Exercise input
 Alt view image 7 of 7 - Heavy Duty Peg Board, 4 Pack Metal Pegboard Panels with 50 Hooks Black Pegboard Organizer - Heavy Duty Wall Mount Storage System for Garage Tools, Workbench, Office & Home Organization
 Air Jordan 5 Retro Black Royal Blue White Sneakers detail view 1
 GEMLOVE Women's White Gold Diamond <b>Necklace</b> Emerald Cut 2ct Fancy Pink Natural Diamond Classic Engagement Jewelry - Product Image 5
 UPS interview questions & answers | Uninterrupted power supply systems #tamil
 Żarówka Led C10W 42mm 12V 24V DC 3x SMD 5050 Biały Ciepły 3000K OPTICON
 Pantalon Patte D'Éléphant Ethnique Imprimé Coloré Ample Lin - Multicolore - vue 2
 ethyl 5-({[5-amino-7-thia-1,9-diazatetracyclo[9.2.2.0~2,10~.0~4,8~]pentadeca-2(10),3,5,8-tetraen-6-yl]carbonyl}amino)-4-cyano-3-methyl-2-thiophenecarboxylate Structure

* * *

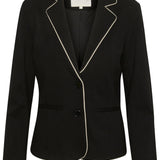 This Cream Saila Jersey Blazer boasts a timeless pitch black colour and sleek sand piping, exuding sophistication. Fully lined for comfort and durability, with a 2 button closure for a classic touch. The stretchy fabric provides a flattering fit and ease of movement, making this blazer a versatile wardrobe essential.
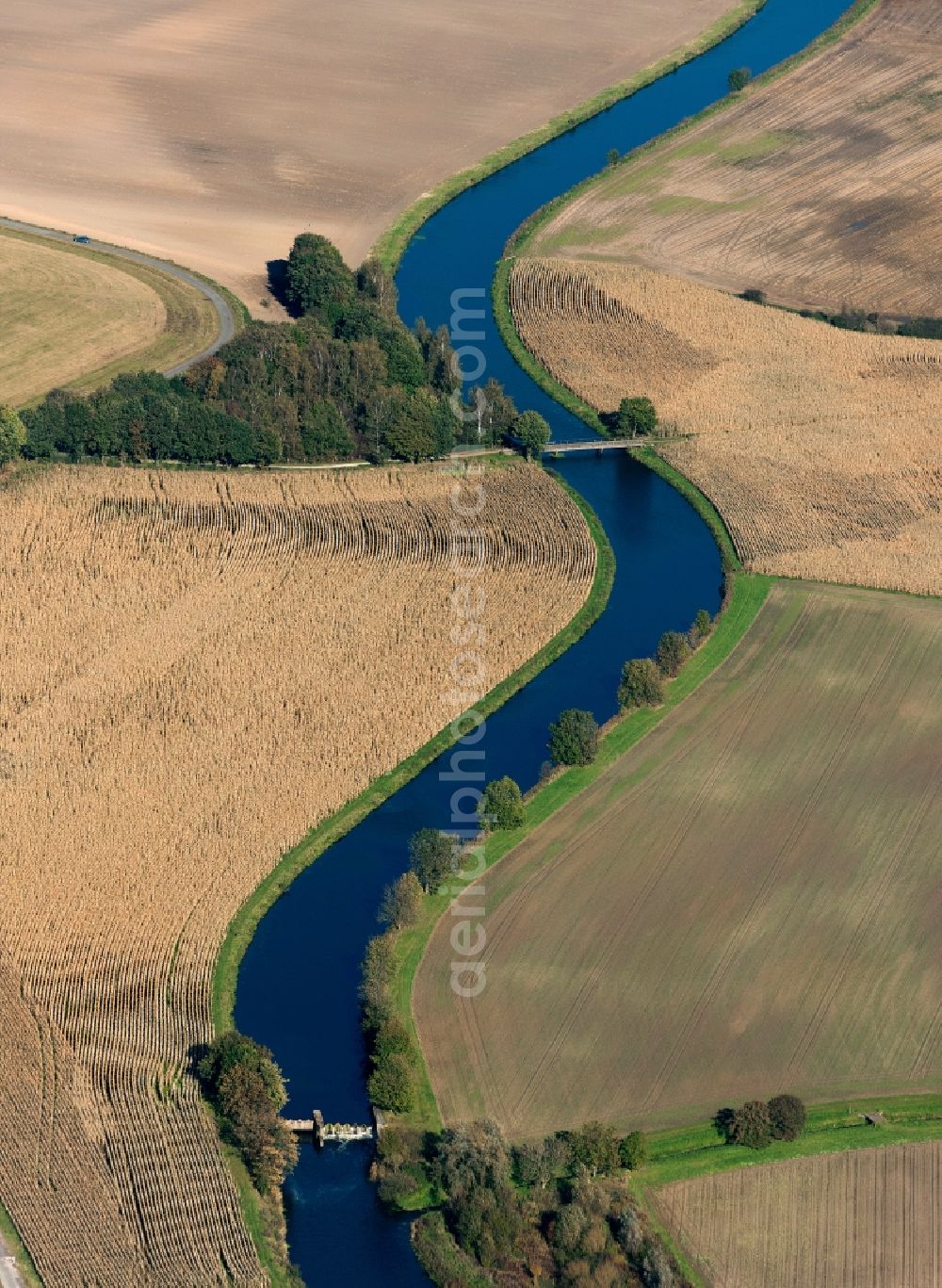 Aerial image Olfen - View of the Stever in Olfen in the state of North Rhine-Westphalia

--

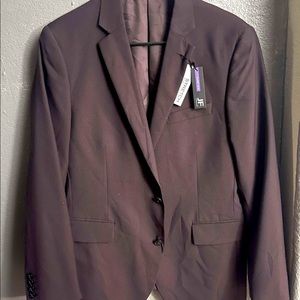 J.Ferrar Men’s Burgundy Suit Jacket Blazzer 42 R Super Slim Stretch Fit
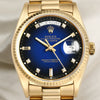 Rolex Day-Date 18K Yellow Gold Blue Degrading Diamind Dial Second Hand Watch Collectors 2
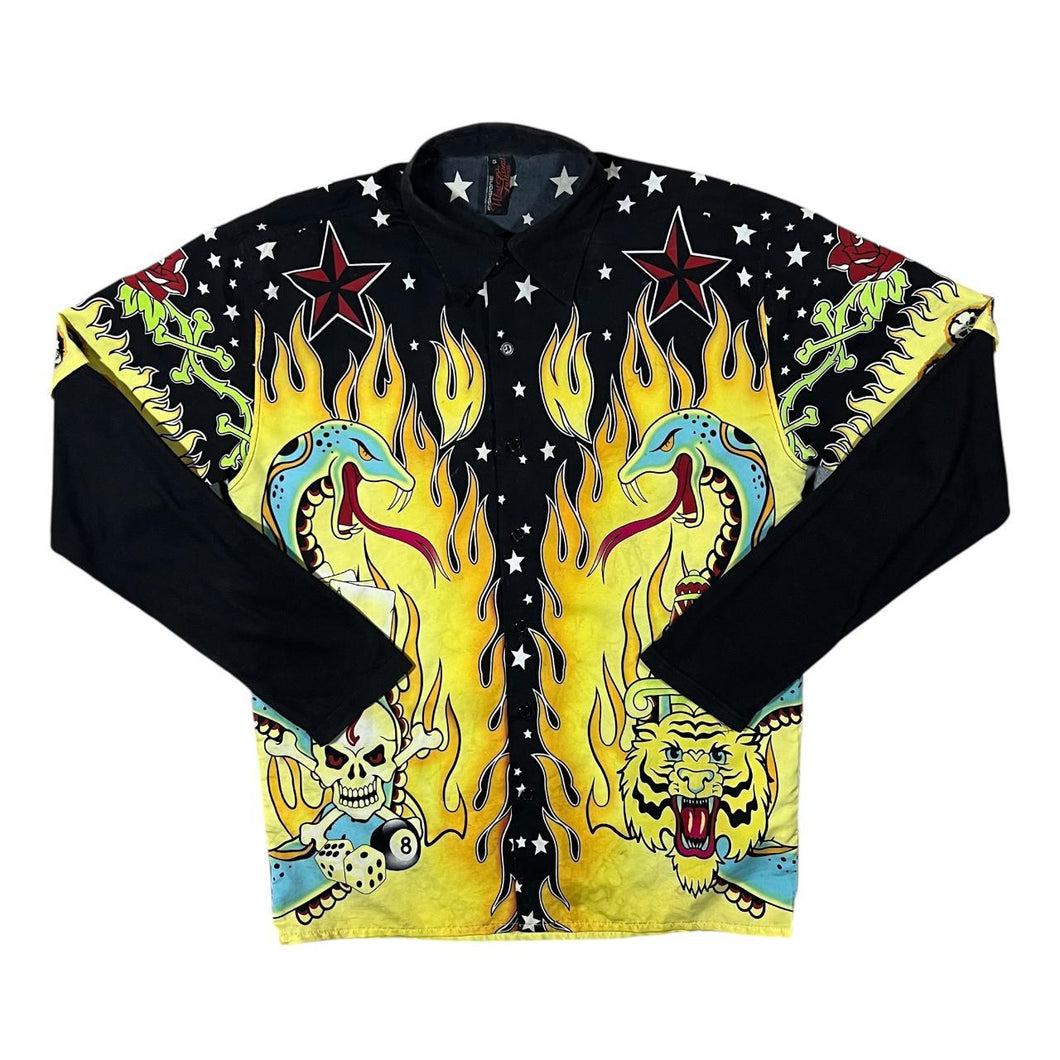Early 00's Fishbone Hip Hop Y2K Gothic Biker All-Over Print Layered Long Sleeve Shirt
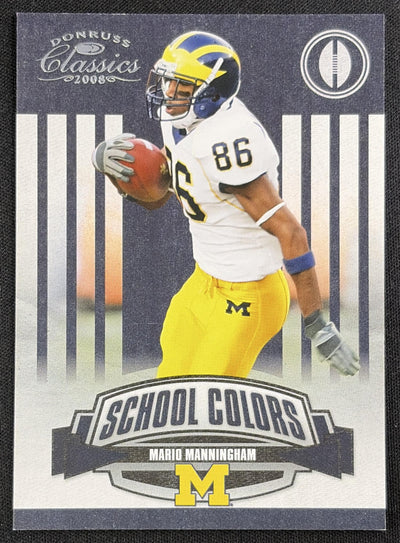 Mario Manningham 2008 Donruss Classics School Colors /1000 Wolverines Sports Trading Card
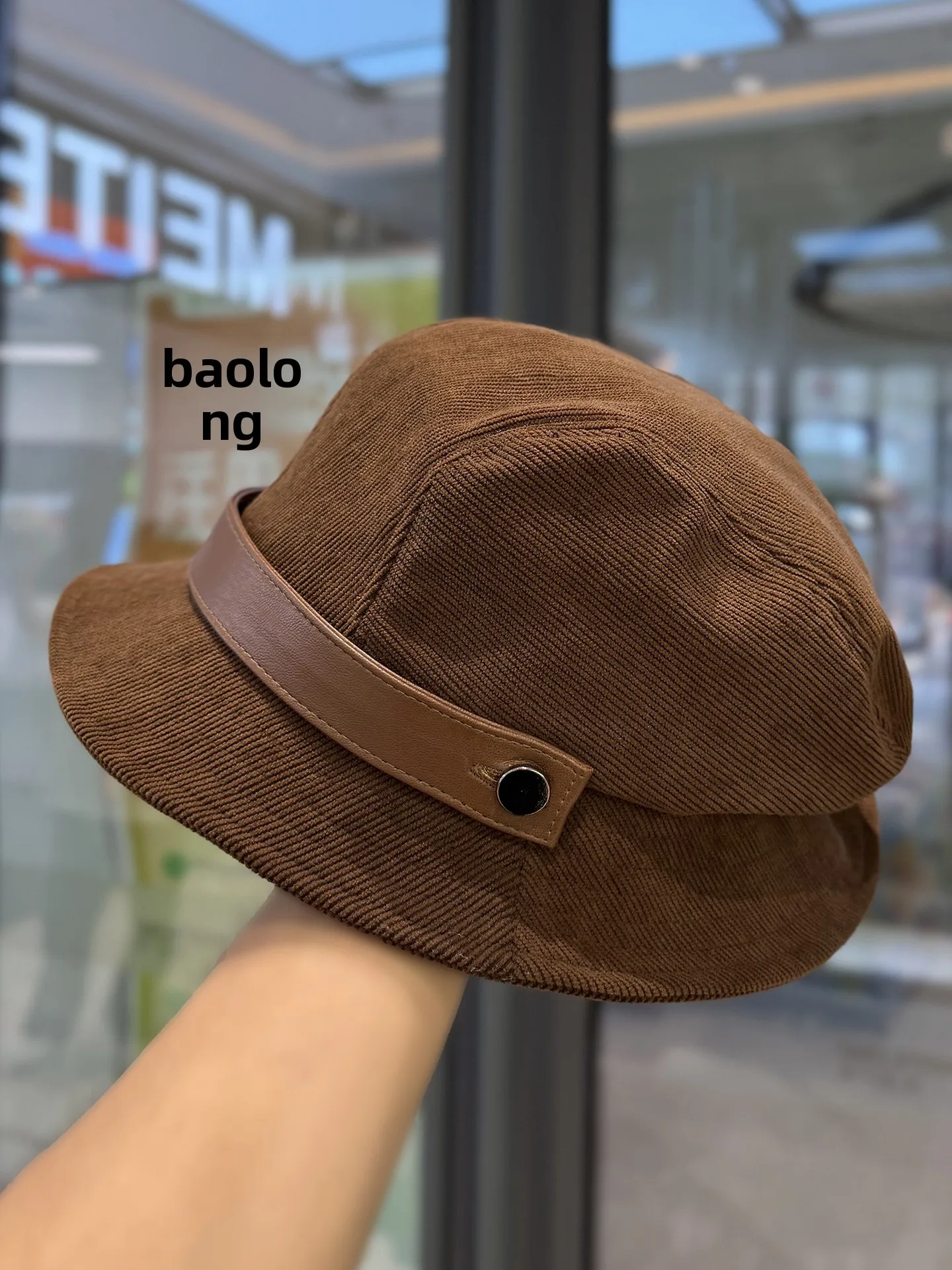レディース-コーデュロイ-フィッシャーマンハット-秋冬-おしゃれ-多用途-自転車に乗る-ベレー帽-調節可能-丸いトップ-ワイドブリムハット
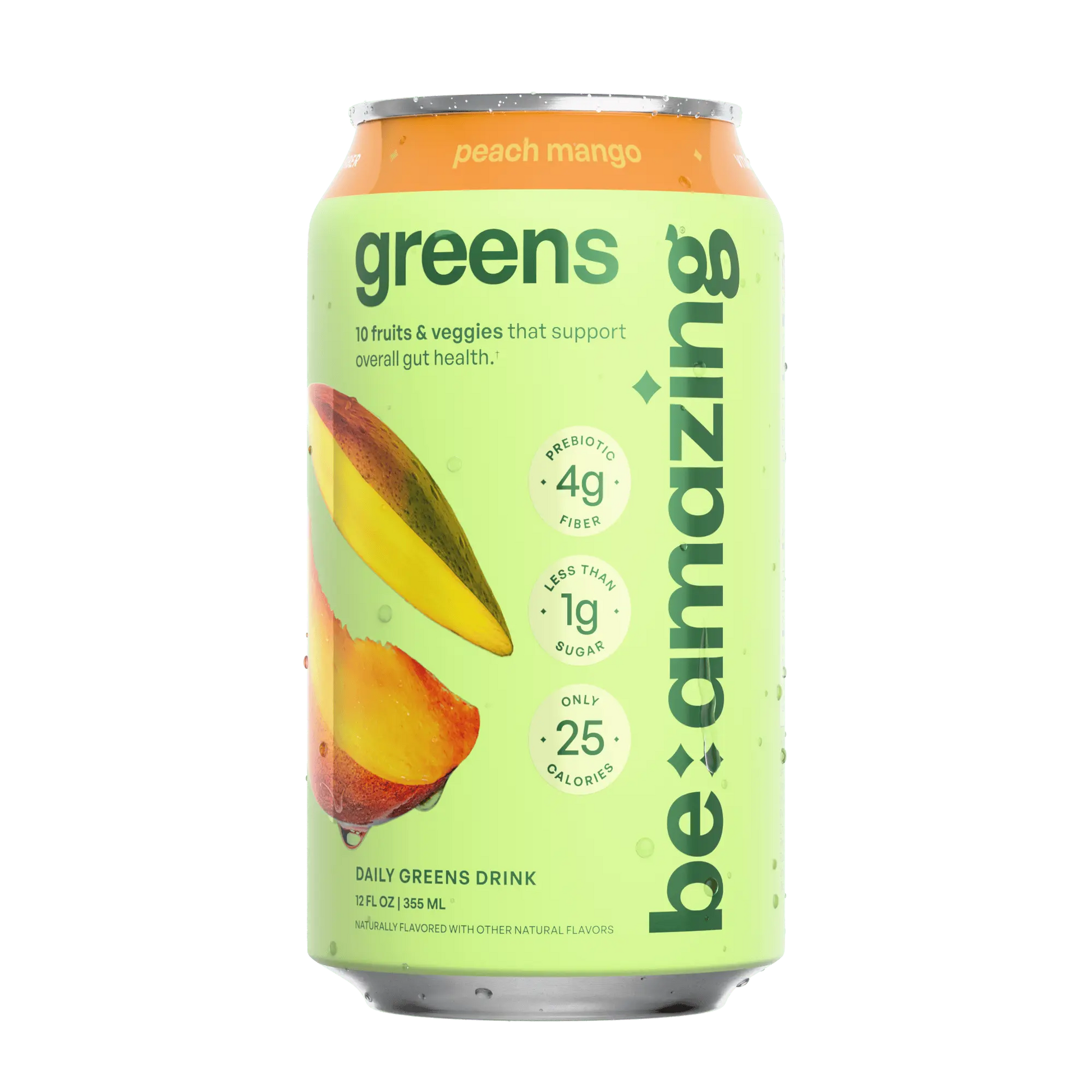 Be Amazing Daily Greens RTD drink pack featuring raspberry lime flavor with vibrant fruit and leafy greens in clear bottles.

Task to complete
Using the entries above, transcribe exactly from the line that has "J.Ferrar Men’s Burgundy" through the line that has "Be Amazing Daily". Pictures are dropped.

Answer
 J.Ferrar Men’s Burgundy Suit Jacket Blazzer 42 R Super Slim Stretch Fit
 Rolex Day-Date 18K Yellow Gold Blue Degrading Diamind Dial Second Hand Watch Collectors 2
Early 00's Fishbone Hip Hop Y2K Gothic Biker All-Over Print Layered Long Sleeve Shirt
 Mario Manningham 2008 Donruss Classics School Colors /1000 Wolverines Sports Trading Card
レディース-コーデュロイ-フィッシャーマンハット-秋冬-おしゃれ-多用途-自転車に乗る-ベレー帽-調節可能-丸いトップ-ワイドブリムハット
 Be Amazing Daily Greens RTD drink pack featuring raspberry lime flavor with vibrant fruit and leafy greens in clear bottles.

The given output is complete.